**Work instructions:**
Take every record and write it out again exactly, with no images included.

----

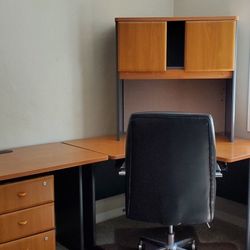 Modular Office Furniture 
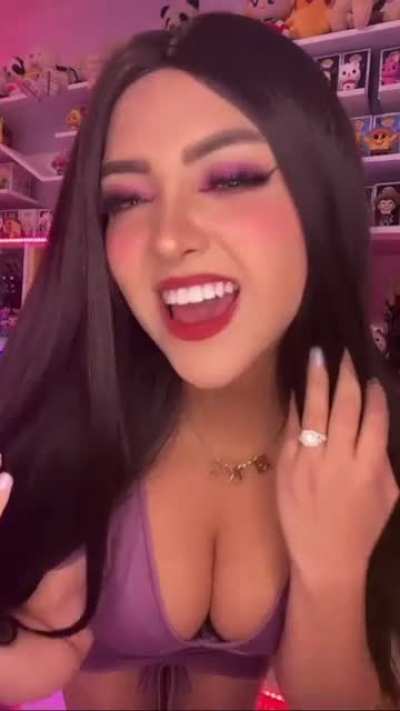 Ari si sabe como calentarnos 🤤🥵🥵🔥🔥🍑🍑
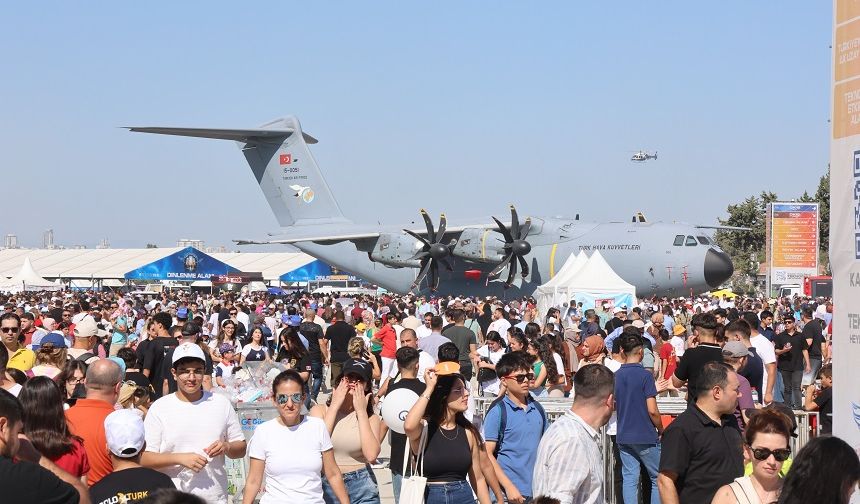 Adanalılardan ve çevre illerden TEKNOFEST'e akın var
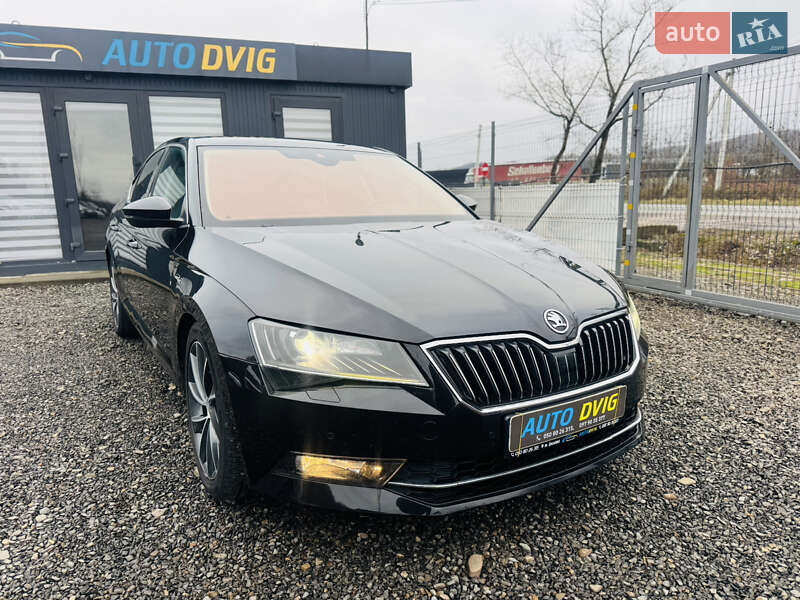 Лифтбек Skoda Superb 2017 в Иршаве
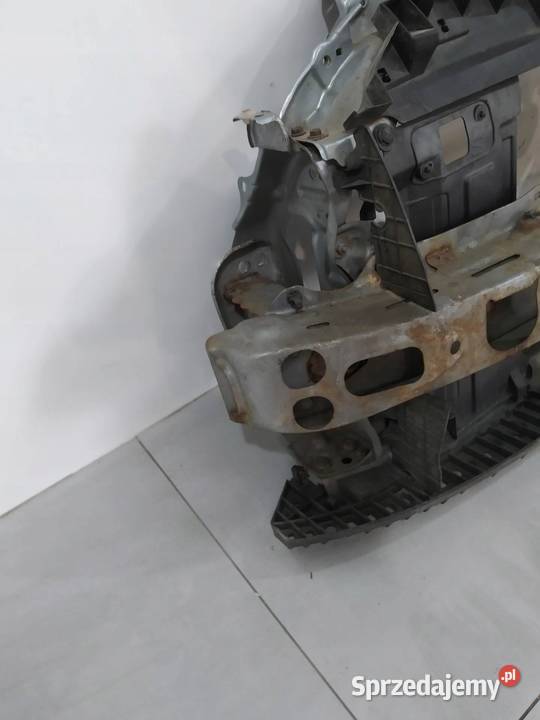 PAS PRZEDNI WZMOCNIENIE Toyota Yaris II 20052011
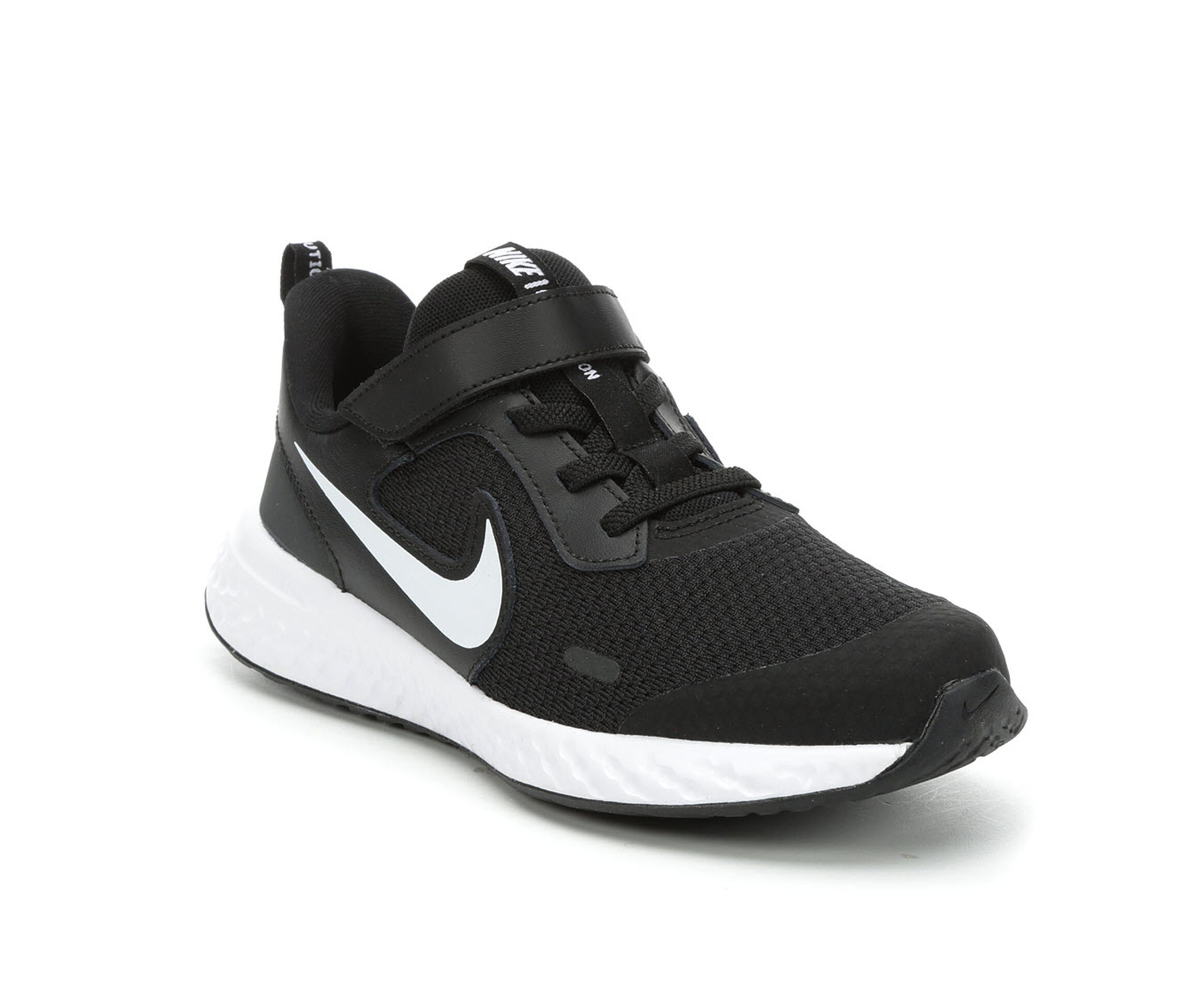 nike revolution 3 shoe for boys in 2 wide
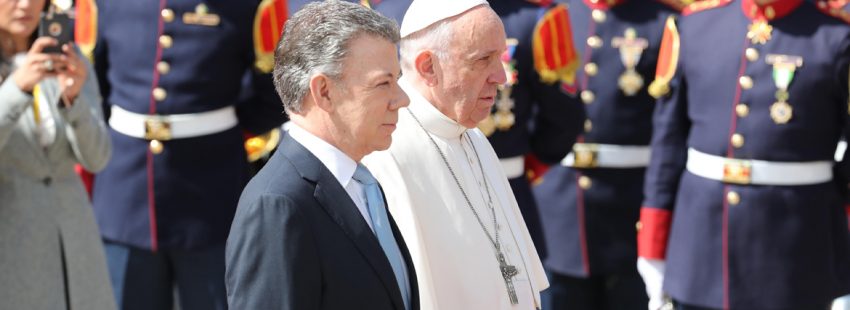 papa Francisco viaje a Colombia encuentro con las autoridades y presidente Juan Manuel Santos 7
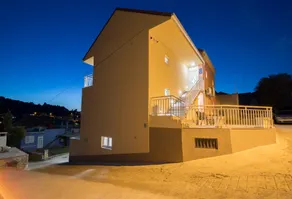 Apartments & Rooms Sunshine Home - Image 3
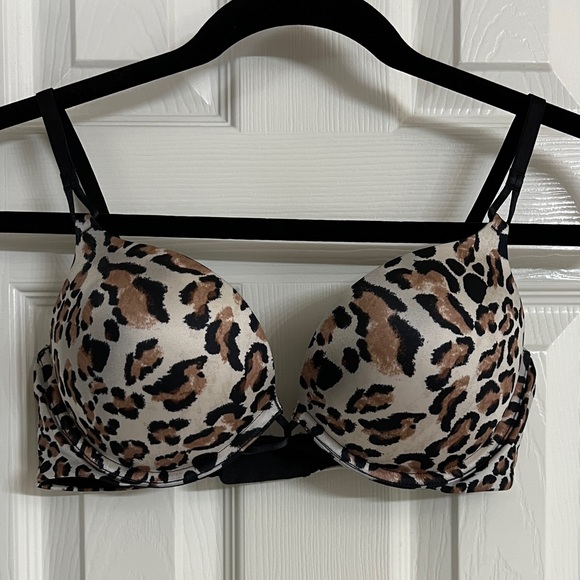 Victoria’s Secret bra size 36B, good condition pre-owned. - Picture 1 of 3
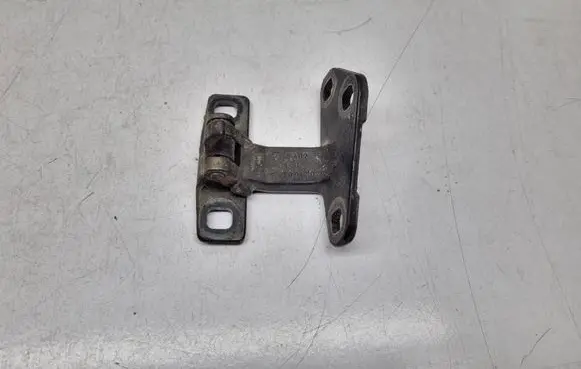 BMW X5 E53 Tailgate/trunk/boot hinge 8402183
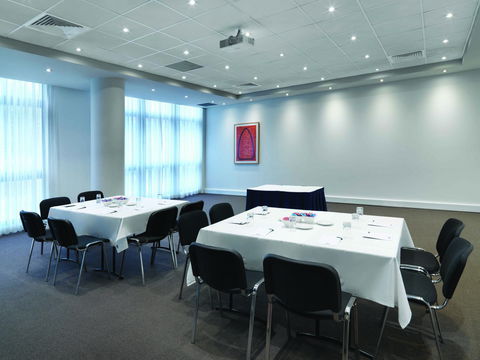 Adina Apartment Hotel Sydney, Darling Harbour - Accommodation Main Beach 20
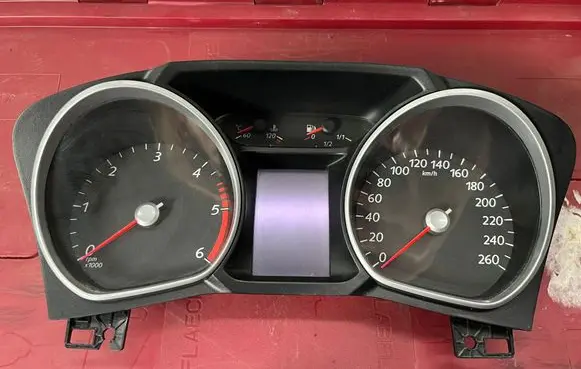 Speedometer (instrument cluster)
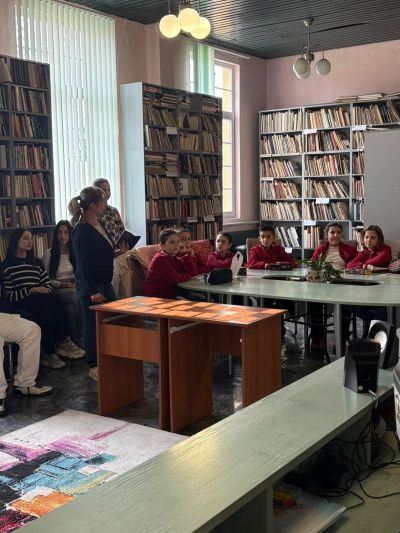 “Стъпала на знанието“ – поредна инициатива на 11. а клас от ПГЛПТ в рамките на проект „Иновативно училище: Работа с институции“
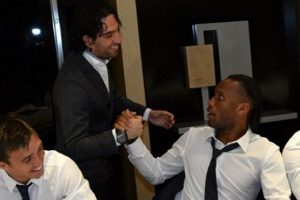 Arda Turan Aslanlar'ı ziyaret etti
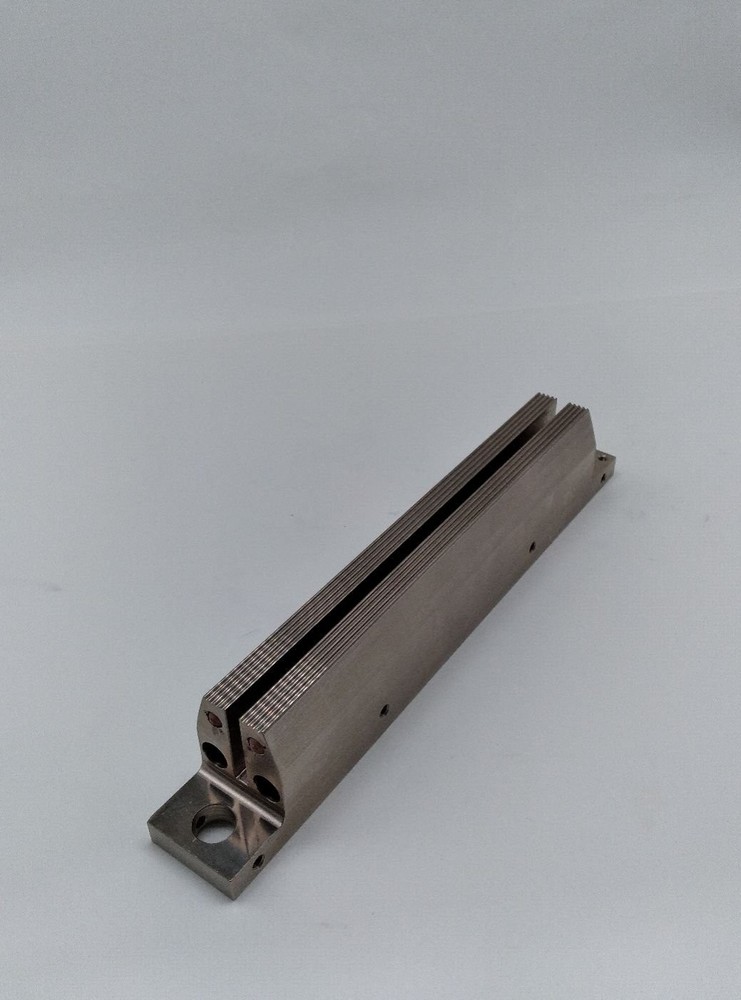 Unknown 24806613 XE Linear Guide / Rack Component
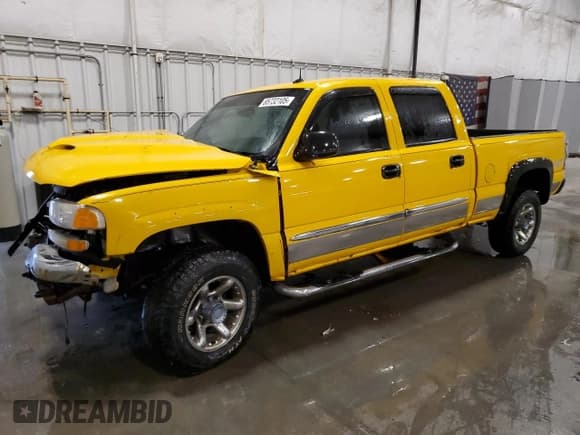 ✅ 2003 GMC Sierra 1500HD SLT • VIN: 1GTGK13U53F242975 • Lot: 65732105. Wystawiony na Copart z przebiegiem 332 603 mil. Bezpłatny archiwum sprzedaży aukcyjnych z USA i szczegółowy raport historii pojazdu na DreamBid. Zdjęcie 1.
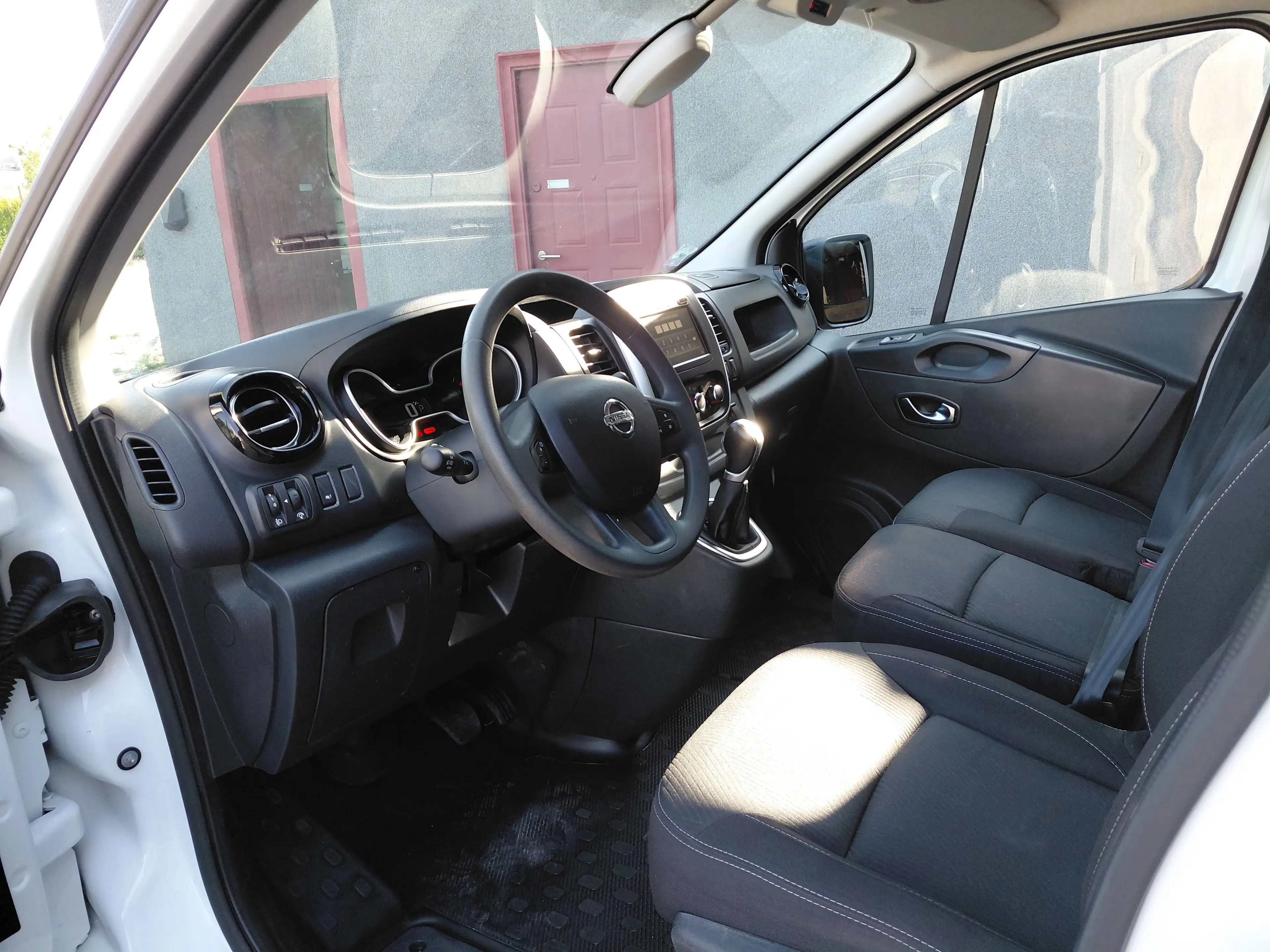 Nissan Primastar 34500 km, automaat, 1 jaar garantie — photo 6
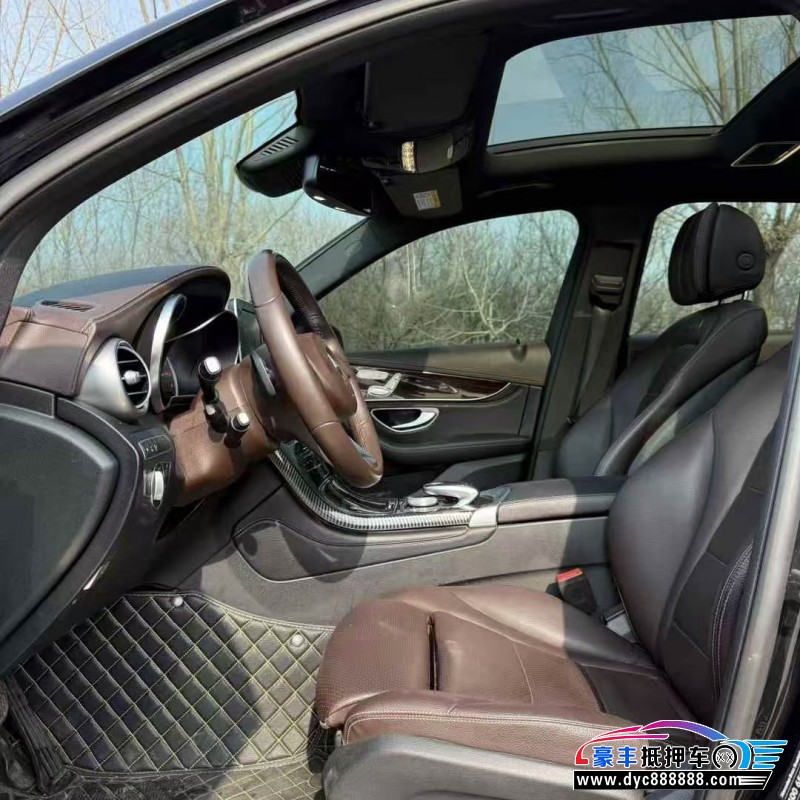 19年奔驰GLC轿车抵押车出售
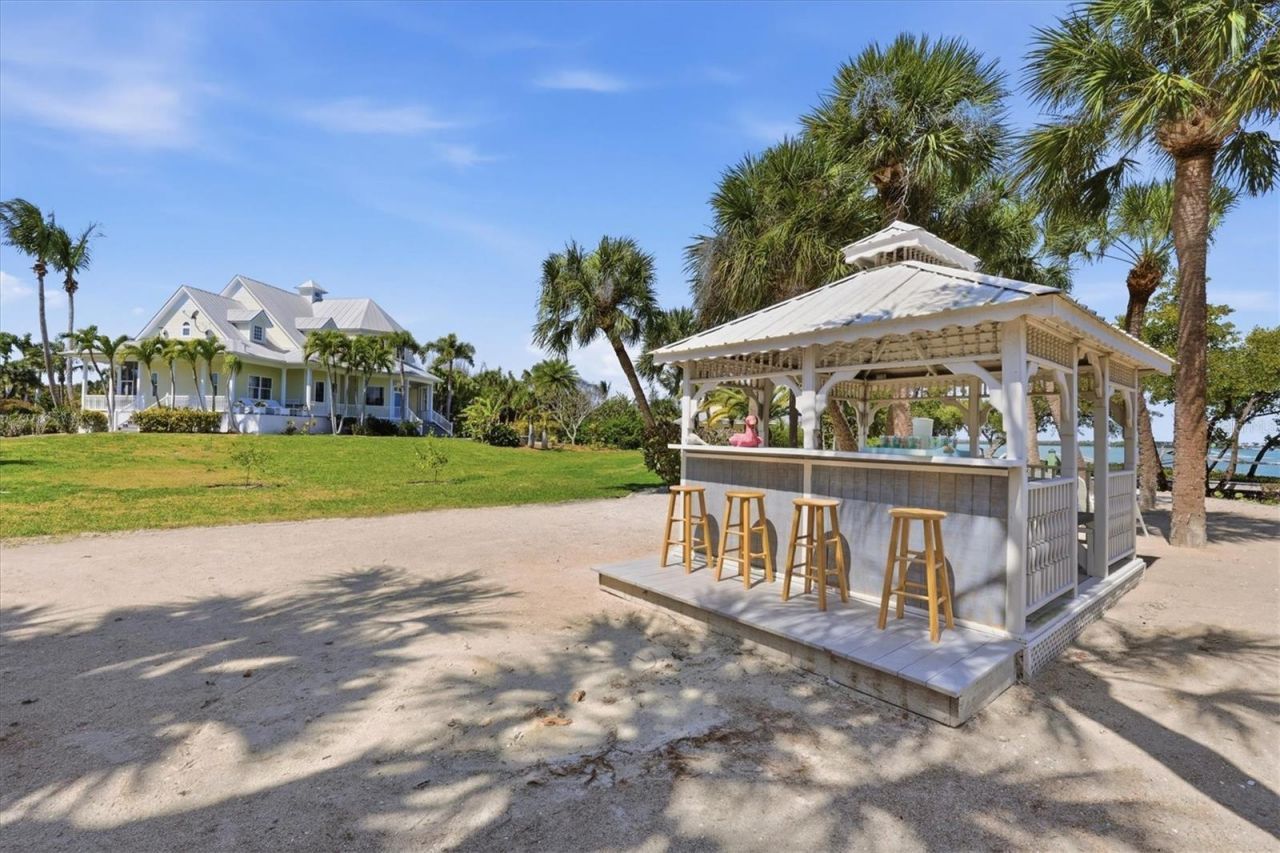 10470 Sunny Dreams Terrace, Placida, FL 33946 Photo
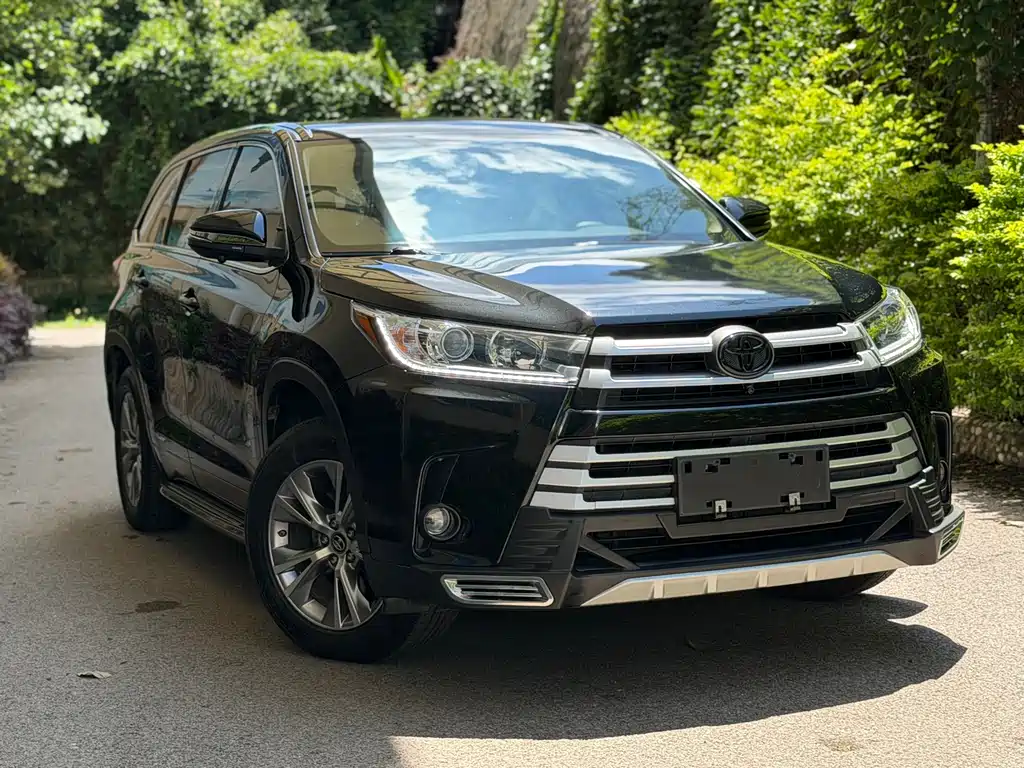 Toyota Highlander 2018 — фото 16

----

**Answer to the problem:**
 Modular Office Furniture 
 Ari si sabe como calentarnos 🤤🥵🥵🔥🔥🍑🍑
 Adanalılardan ve çevre illerden TEKNOFEST'e akın var
 Лифтбек Skoda Superb 2017 в Иршаве
 PAS PRZEDNI WZMOCNIENIE Toyota Yaris II 20052011
 nike revolution 3 shoe for boys in 2 wide
 papa Francisco viaje a Colombia encuentro con las autoridades y presidente Juan Manuel Santos 7
 Apartments & Rooms Sunshine Home - Image 3
 Victoria’s Secret bra size 36B, good condition pre-owned. - Picture 1 of 3
 BMW X5 E53 Tailgate/trunk/boot hinge 8402183
 Adina Apartment Hotel Sydney, Darling Harbour - Accommodation Main Beach 20
 Speedometer (instrument cluster)
 “Стъпала на знанието“ – поредна инициатива на 11. а клас от ПГЛПТ в рамките на проект „Иновативно училище: Работа с институции“
 Arda Turan Aslanlar'ı ziyaret etti
 Unknown 24806613 XE Linear Guide / Rack Component
 ✅ 2003 GMC Sierra 1500HD SLT • VIN: 1GTGK13U53F242975 • Lot: 65732105. Wystawiony na Copart z przebiegiem 332 603 mil. Bezpłatny archiwum sprzedaży aukcyjnych z USA i szczegółowy raport historii pojazdu na DreamBid. Zdjęcie 1.
 Nissan Primastar 34500 km, automaat, 1 jaar garantie — photo 6
 19年奔驰GLC轿车抵押车出售
 10470 Sunny Dreams Terrace, Placida, FL 33946 Photo
 Toyota Highlander 2018 — фото 16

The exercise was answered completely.